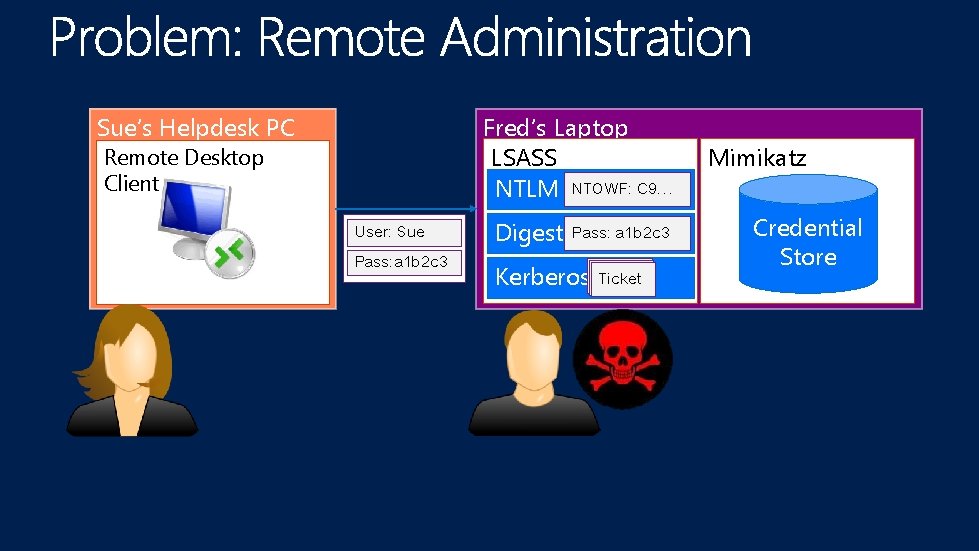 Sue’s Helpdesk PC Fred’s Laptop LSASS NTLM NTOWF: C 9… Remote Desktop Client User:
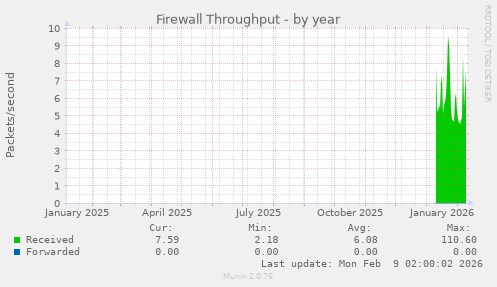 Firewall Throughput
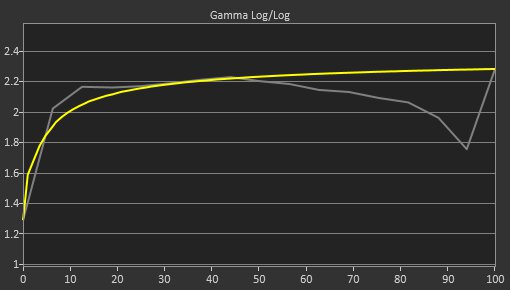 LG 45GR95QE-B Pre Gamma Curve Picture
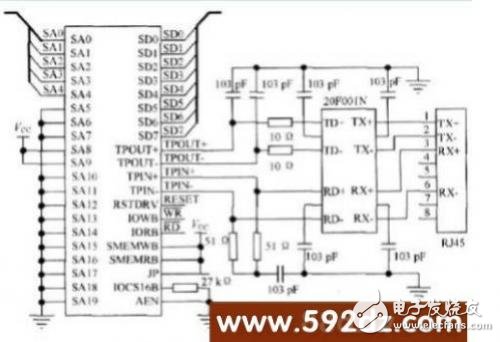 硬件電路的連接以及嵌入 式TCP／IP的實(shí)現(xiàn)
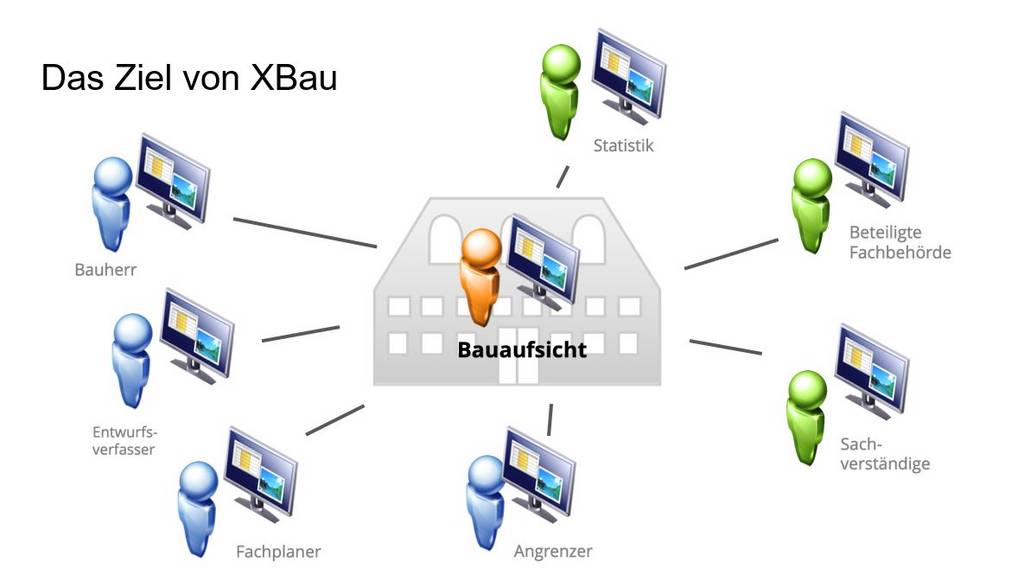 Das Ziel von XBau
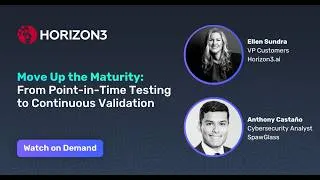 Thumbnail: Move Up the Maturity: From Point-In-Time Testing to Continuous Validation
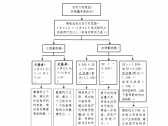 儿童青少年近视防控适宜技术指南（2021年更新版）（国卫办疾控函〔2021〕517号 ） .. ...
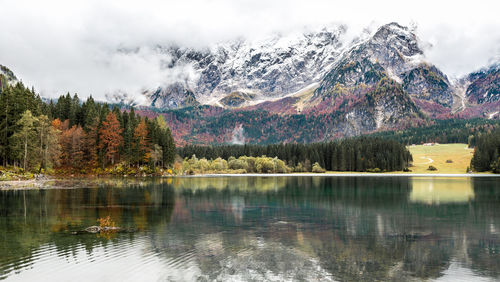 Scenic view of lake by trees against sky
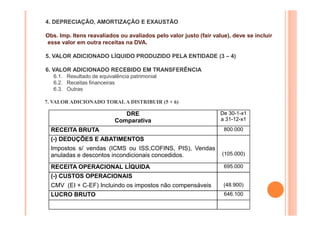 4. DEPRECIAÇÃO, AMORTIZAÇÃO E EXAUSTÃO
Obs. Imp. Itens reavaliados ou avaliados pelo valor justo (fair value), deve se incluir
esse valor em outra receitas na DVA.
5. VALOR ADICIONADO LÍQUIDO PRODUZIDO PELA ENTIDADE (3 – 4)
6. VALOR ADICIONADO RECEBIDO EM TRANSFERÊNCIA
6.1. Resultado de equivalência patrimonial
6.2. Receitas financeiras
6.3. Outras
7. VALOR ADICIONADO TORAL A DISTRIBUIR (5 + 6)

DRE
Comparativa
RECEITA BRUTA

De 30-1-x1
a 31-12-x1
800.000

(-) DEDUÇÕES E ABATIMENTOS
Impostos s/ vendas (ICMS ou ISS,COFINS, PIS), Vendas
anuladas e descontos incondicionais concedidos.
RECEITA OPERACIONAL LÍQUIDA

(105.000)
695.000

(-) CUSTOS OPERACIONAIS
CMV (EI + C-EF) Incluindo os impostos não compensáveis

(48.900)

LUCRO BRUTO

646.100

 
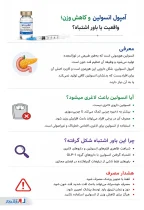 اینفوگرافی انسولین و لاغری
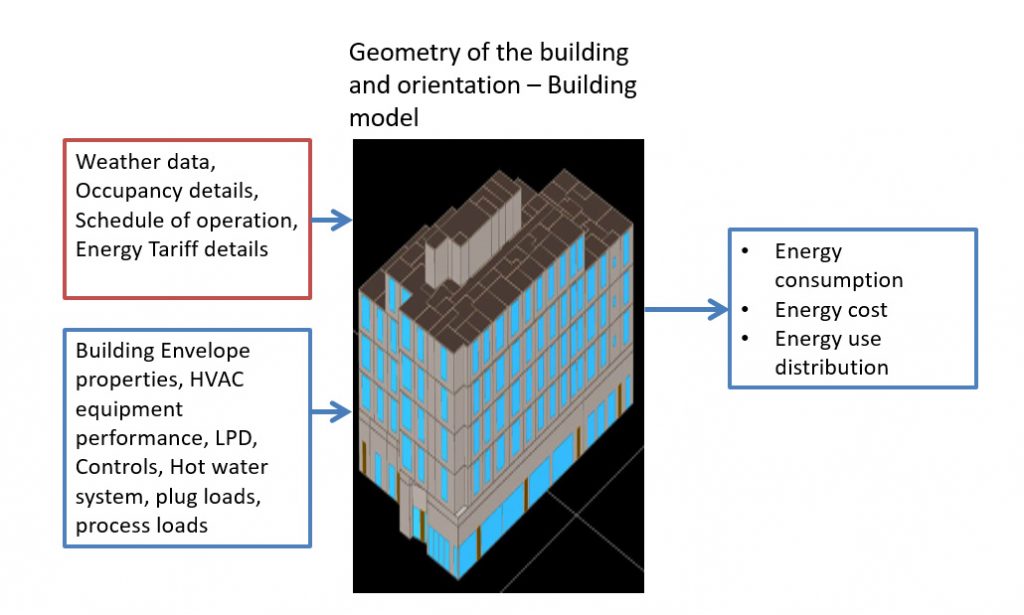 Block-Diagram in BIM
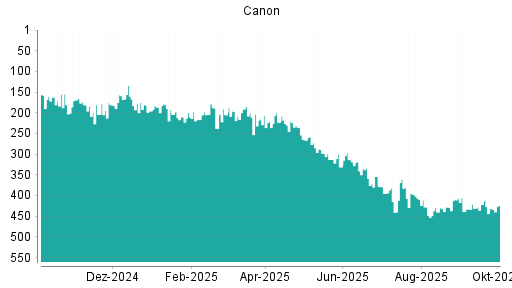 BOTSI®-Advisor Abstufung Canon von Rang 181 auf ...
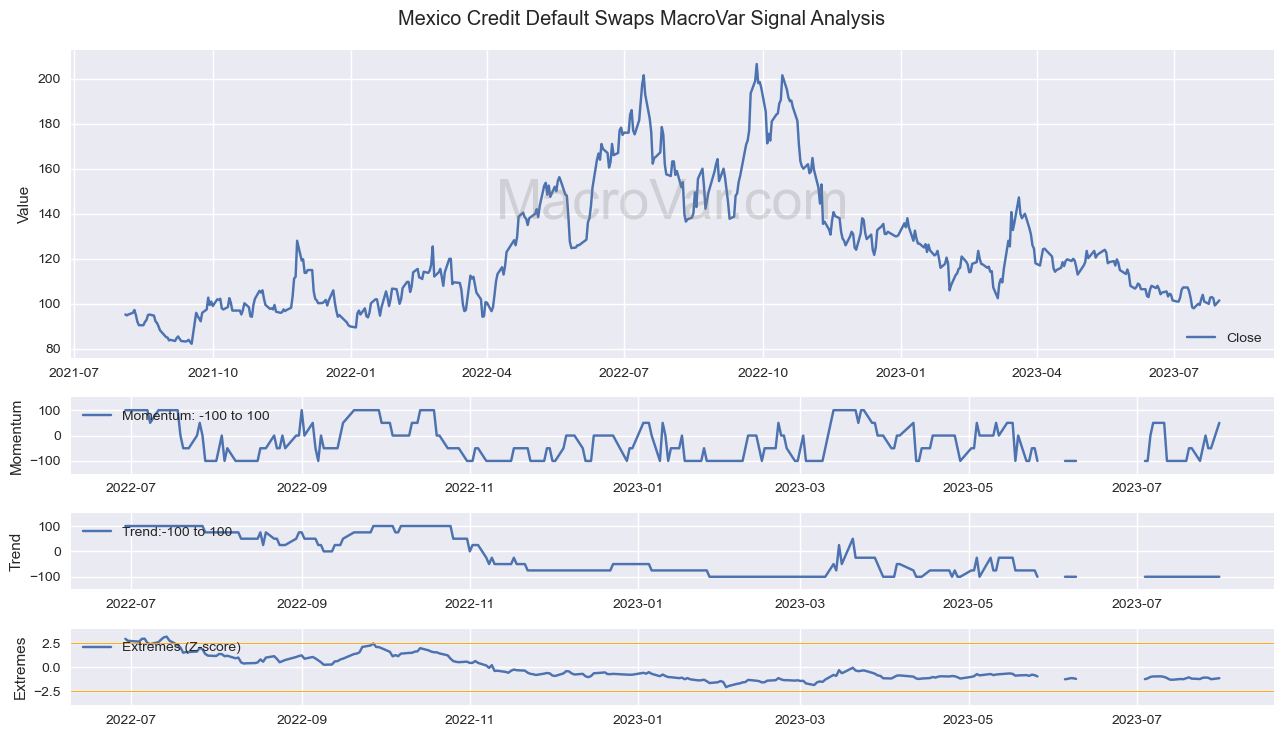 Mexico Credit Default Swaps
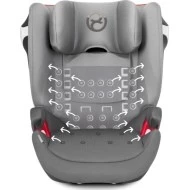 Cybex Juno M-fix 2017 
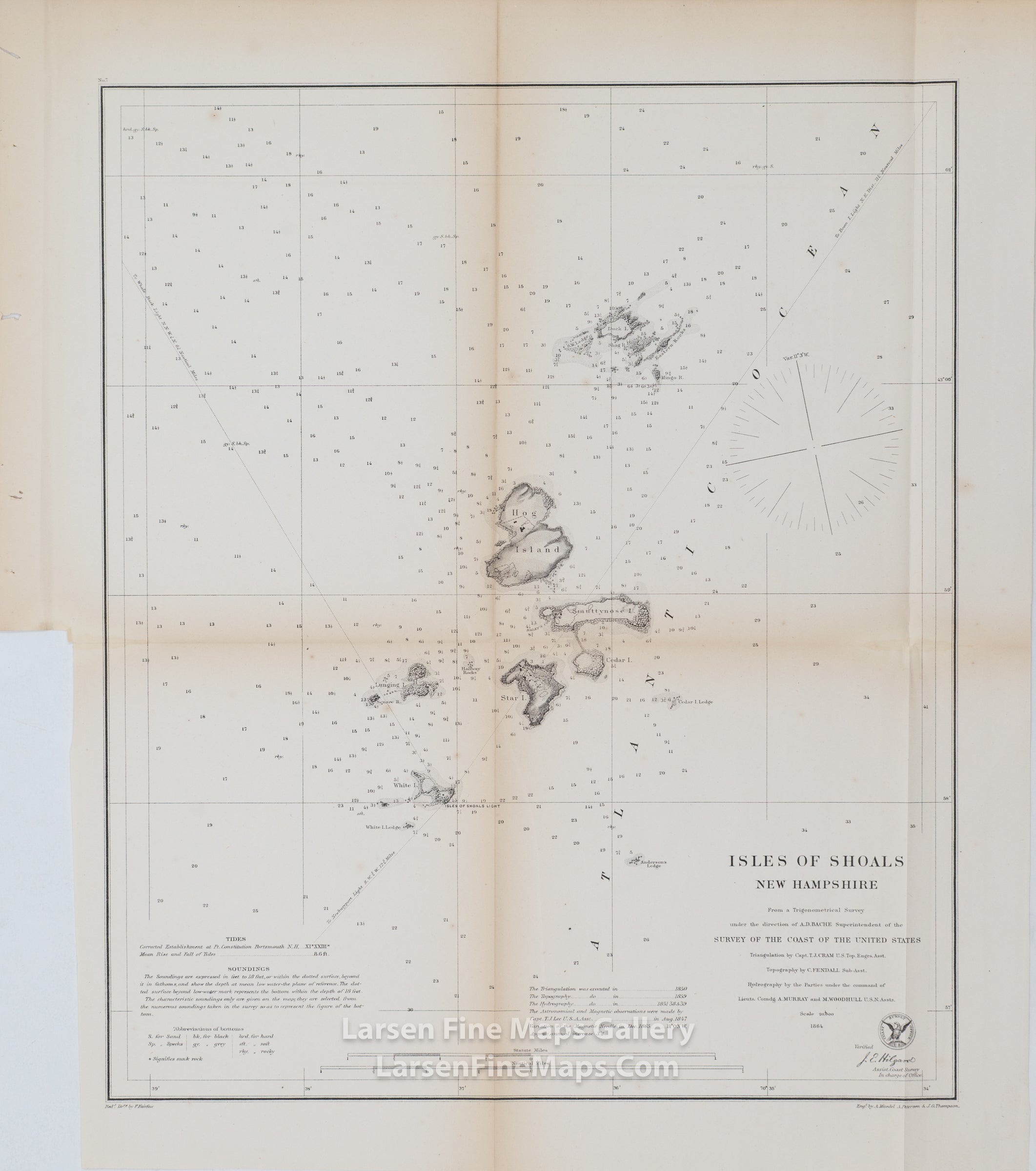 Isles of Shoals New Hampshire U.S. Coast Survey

· · · ·

Required action: Give back exactly the lines from the line with "6. VALOR ADICIONADO RECEBIDO EM TRANSFERÊNCIA" through the end of the material above, inclusive, with no pictures.

Answer to this task:
6. VALOR ADICIONADO RECEBIDO EM TRANSFERÊNCIA
6.1. Resultado de equivalência patrimonial
6.2. Receitas financeiras
6.3. Outras
7. VALOR ADICIONADO TORAL A DISTRIBUIR (5 + 6)

DRE
Comparativa
RECEITA BRUTA

De 30-1-x1
a 31-12-x1
800.000

(-) DEDUÇÕES E ABATIMENTOS
Impostos s/ vendas (ICMS ou ISS,COFINS, PIS), Vendas
anuladas e descontos incondicionais concedidos.
RECEITA OPERACIONAL LÍQUIDA

(105.000)
695.000

(-) CUSTOS OPERACIONAIS
CMV (EI + C-EF) Incluindo os impostos não compensáveis

(48.900)

LUCRO BRUTO

646.100

 
 اینفوگرافی انسولین و لاغری
 Block-Diagram in BIM
 BOTSI®-Advisor Abstufung Canon von Rang 181 auf ...
 Mexico Credit Default Swaps
 Cybex Juno M-fix 2017 
 Isles of Shoals New Hampshire U.S. Coast Survey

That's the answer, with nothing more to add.